Updating NULL Values

Question

Post reply

Updating NULL Values

cdex3-408940

Old Hand

Points: 379
More actions
October 8, 2008 at 1:20 pm

#199529

I have a table in the following format.
ID RecType PKIdentifier RecordData
1 01 acc00108 Text
2 02 NULL Text
3 03 NULL Text
4 01 acc00208 Text
5 03 NULL Text
6 04 NULL Text
7 05 NULL Text
8 01 acc00307 Text
9 02 NULL Text
10 03 NULL Text
etc.
I need a query that will Update all of the NULL PKIdentifiers with the value of the PKIdentifier for RecType 01 that precedes it.
For example records 2 and 3 need to be updated with the PKIdentifier from record 1. Records 5 -7 need to be updated with the PKIdentifiers from record 4 and so on. RecordType 01 is the parent and all their types are the child until you get to the next 01 RecType. I have approximately 20Million rows to update.
What is the best query for this?

Viewing 10 posts - 1 through 10 (of 10 total)

You must be logged in to reply to this topic. Login to reply

Garadin One Orange Chip Points: 29613 More actions · Answer 1

Please reference the post in my signature for how to post data on this forum.

Seth Phelabaum

Consistency is only a virtue if you're not a screwup. 😉

Links: How to Post Sample Data[/url] :: Running Totals[/url] :: Tally Table[/url] :: Cross Tabs/Pivots[/url] :: String Concatenation[/url]

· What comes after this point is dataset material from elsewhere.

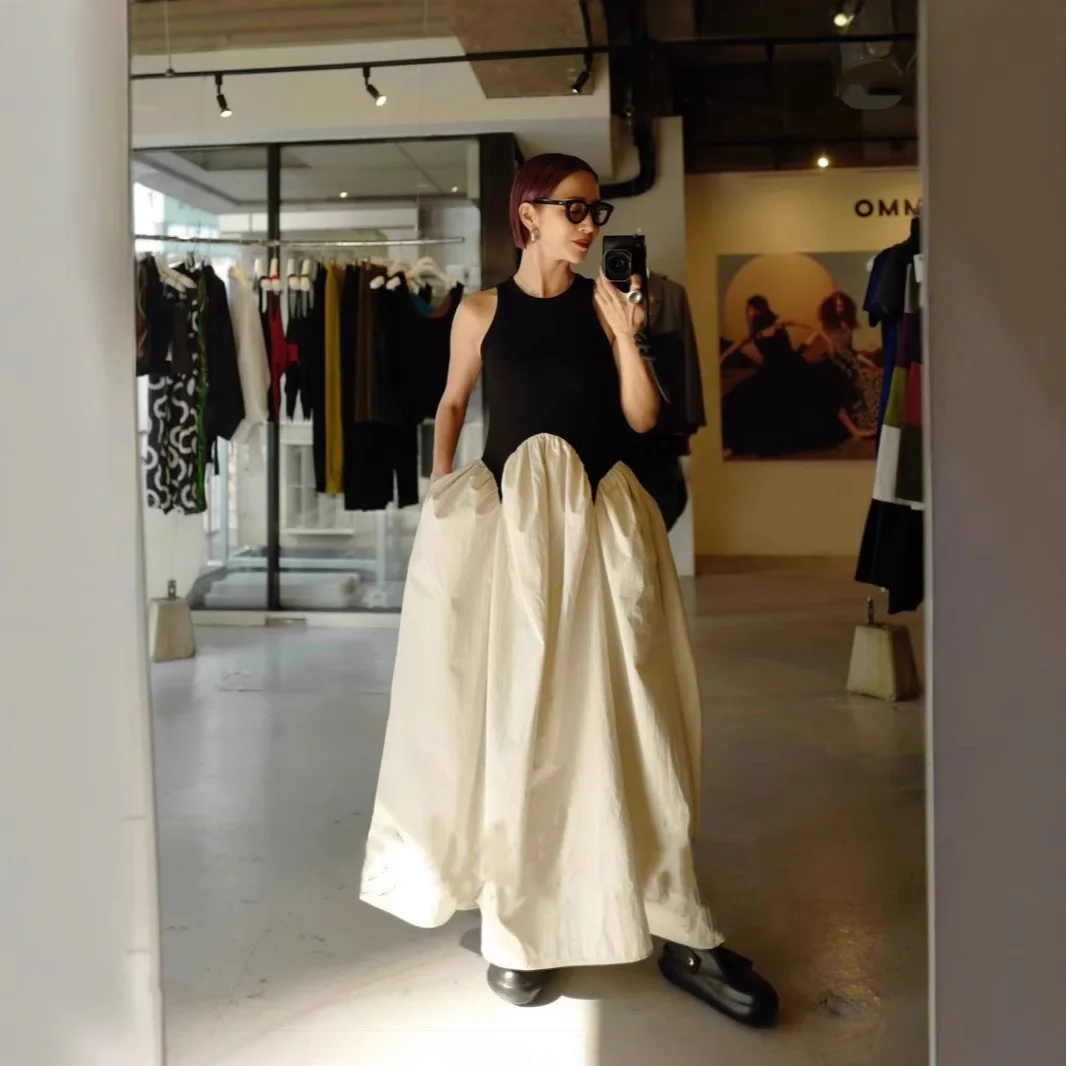 Gagarich 2025 Summer Japanese Women Contrasting Color Splicing Slimming High Waisted A-line Elegant Vest Long Dress
Gagarich 2025 Summer Japanese Women Contrasting Color Splicing Slimming High Waisted A-line Elegant Vest Long Dress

Garadin One Orange Chip Points: 29613 More actions · Answer 2

That said, I went ahead and wrote a script to do this, mainly because it interested me.

The following script assumes several things. One is that there is no other piece of information that can tie these rows together. If there is, shame on you for not posting it. The second is that the id column is absolutely correct on the ordering. If it's not, you're prettymuch boned and can't really do anything with this data anyways. (assuming the first assumption is true)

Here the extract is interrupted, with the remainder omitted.